# Peach wood



## steelandsmoke (Mar 9, 2012)

Just bought some peach wood from Fruita. I will let you know the results.

My wife and I are hosting a having a BBQ soon and I would love suggestions on side items.  Right now I am going to smoke a Pork shoulder and about 3 or 4 racks of ribs. Also a bunch of ABT's.


----------



## jalan43 (Mar 9, 2012)

You are going to love it! I use it all the time. My local orchard cut down the old trees last year after planting new trees. I picked up two trailers of logs from them. The smoke taste is sweet. I like to mix it with hickory to do sausage and kielbasa. I only use peach by itself on chicken. When I do my pork butts I'll mix a 50/50 mix of cherry and peach.
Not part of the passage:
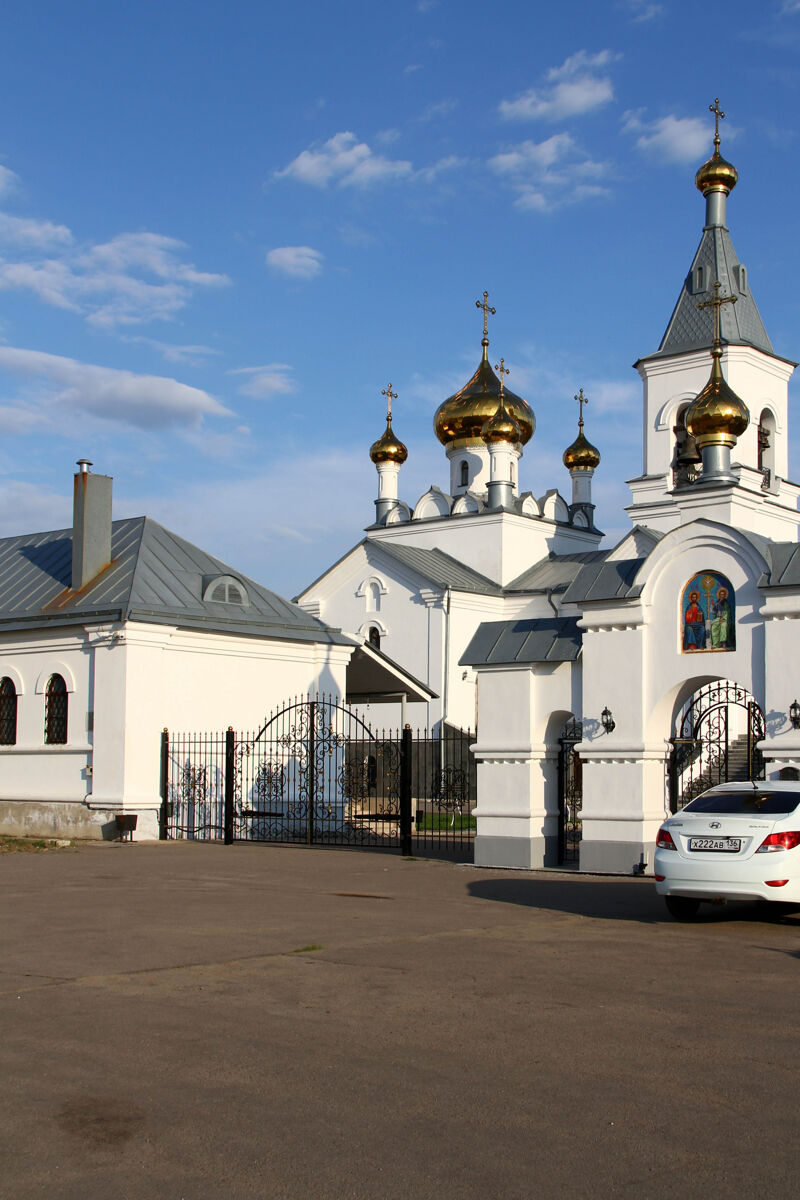 Церковь Троицы Живоначальной, Залужное (Лискинский район, Воронежская область). общий вид в ландшафте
Your gonna love it. Jeff


----------



## mneeley490 (Mar 9, 2012)

I think peach is by far the sweetest smoke of any wood I've used. Almost too sweet for some applications, I think. I wouldn't use it on beef, for instance. But it is wonderful on chicken and ribs.


----------



## alelover (Mar 10, 2012)

Peach is great for cheese too.


----------



## oldschoolbbq (Apr 6, 2012)

Yeah , be sure to post Q-view of the looks of it so other's can tell Peach from Shinola 
	

	
	
		
		



		
			






.

Have fun and .....


----------



## ak1 (Apr 6, 2012)

Nice score! I love using peachwood. It has a really nice flavour.


----------